Thank you for taking my question. I have a question for David first. Given that a lot of the Lemtrada revenue occurred upfront, can you please maybe give us some idea about the addition of patients, what you see? Are they adding at a regular, similar weekly patient adds, or are they accelerating or was there a bonus upfront? And then secondly, Peter, sorry, if I come back again to the pricing question in diabetes. So to summarize everything that I've heard so far is, on the one side, you're saying the 15% price effect will stay the same for Lantus through all this year, yet there has been a refinement in the contracting strategy which was required to change the guidance. I therefore conclude that that refinement is related to Toujeo and therefore means greater discounts in the year than you had previously anticipated. Is that conclusion correct, or am I missing something? Thank you very much.
All right. And thank you Alexandra. David, Lemtrada?

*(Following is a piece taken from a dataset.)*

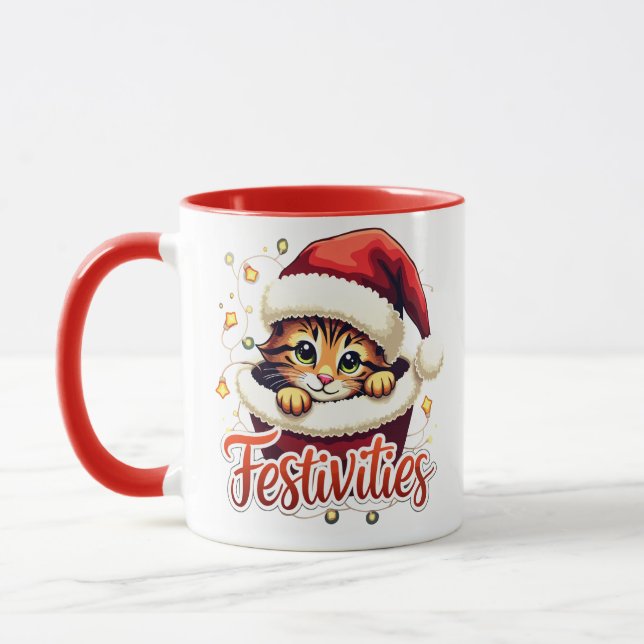 Festive Christmas Kitten Mug   (Left)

Yeah. There was no bolus upfront and I think the way we think about this is there is some certain mechanics and they go with Lemtrada launch, sound specifically the REMS programs. So the first three months of launch of our post-approval period was intensively focused on getting healthcare providers on physicians, pharmacies, et cetera trained and certified in the REMS. So we made tremendous progress there. The full sales force was on board as of the beginning of the February. So we’re basically into our third month of former launch in that sense and what we’re seeing is a steady ramp in the number of patients who are signing up for the program. In other words, the patients themselves have to enter the REMS program and that’s one of our sign there so. So I would -- there's been -- there is no bolus of study ramp on the initial launch. Sébastien Martel: Thank you, David. Peter?
Yeah, Alexandra. So I’ll make a try to answer as good as I could and any additional granular information would be giving away commercially sensitive information. So thank you for your understanding.

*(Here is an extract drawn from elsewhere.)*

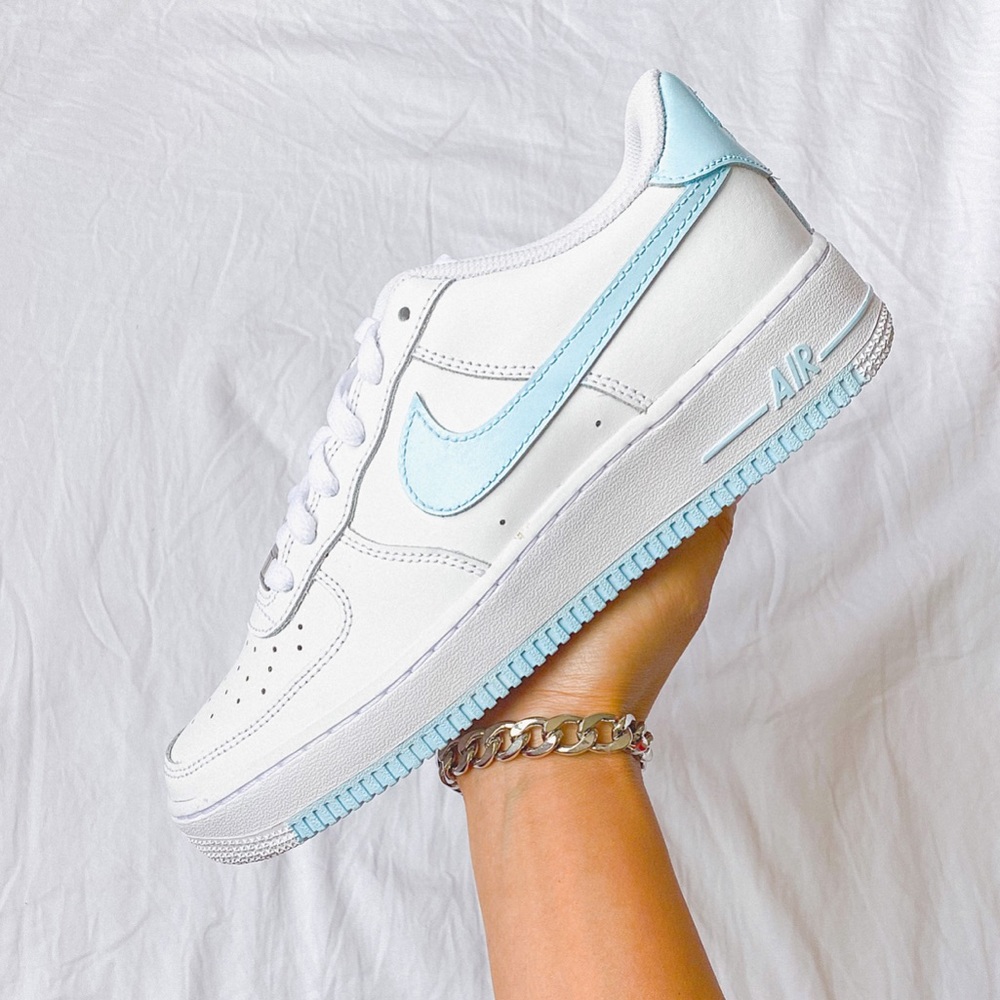 Nike custom Air Force 1 Light Blue Sneakers - Picture 4 of 4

Thank you. Sébastien Martel: We’re going to take one last question, Operator.
Thank you. The last question is from Philippe Lanone of Natixis. Please go ahead.
Hello, gentlemen. Thank you for taking my question. A couple if I may. One for Olivier on Praluent, because obviously, you come from a company initially that has been a cholesterol leader. How can you see -- can you give us more color on how you see the potential of that drug and how Sanofi is well prepared to launch it, keeping in mind that the current consensus is $1.8 billion? What are your ambitions on Praluent today? And second question, on the biosimilar insulin lispro, which is in Phase III, can you give us some calendar here for launching and how you will position that versus your other two short-acting insulins, Afrezza and Apidra?

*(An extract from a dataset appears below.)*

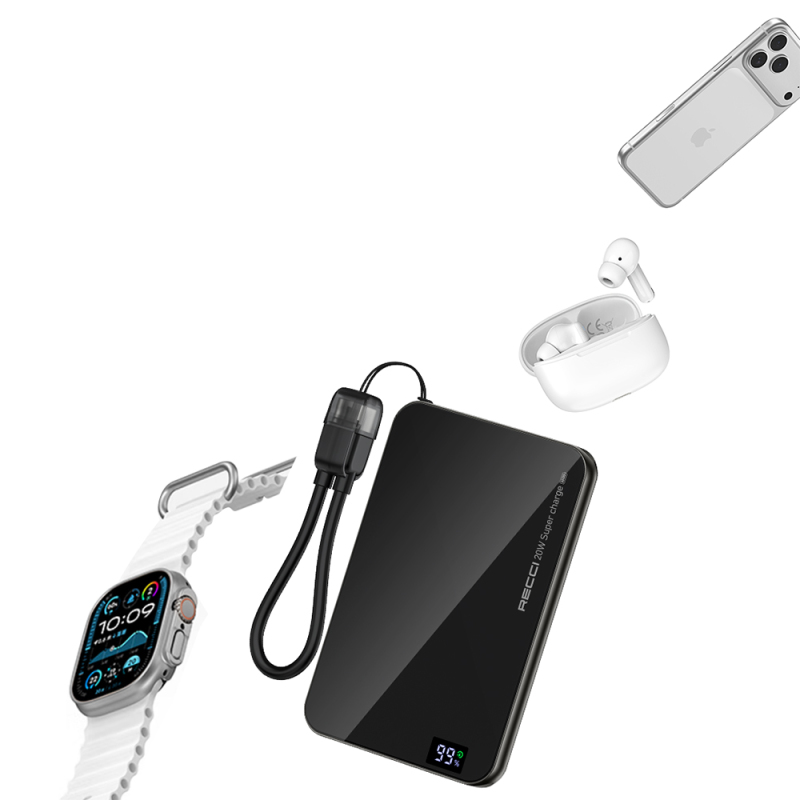 Recci RPB-W41 PD 20W Ultra Slim Fast Charging Type-C Cable Power Bank 15W 5000mAh - 7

Okay. Praluent, just to give you what I did and then let me answer your question. So I spent a fairly good amount of time, actually with the global and U.S. team, to just assess our preparedness for the launch. And I think we are refining few things but we are well on our way to be actually very ready for the launch. So I feel that is your question, I feel pretty good that we’re going to puts onto market, of course, a very powerful medicine. But we’ll have prepare for -- we’ll be prepared for a very successful launch. So what is the second question is for you Elias.
Yeah. The question is just straight forward question about lispro. As you know our strategy has been to be a complete solutions provider for diabetic patients. And as you know, [indiscernible] was a part of that scenario. So as part of the strategy, we think buying similar especially in different markets are going to be critical to provide that full spectrum if you will. And so that’s part of the strategy.
Good. Thank you. Sébastien Martel: Okay. Thank you, Elias. Olivier, we are now ready to close the call. Well, thanks very much to all participants for your interest today in Sanofi. And we look forward to talk to you very soon. Thank you everyone.
Ladies and gentlemen, this concludes this conference call. Thank you all for your participation. You may now disconnect.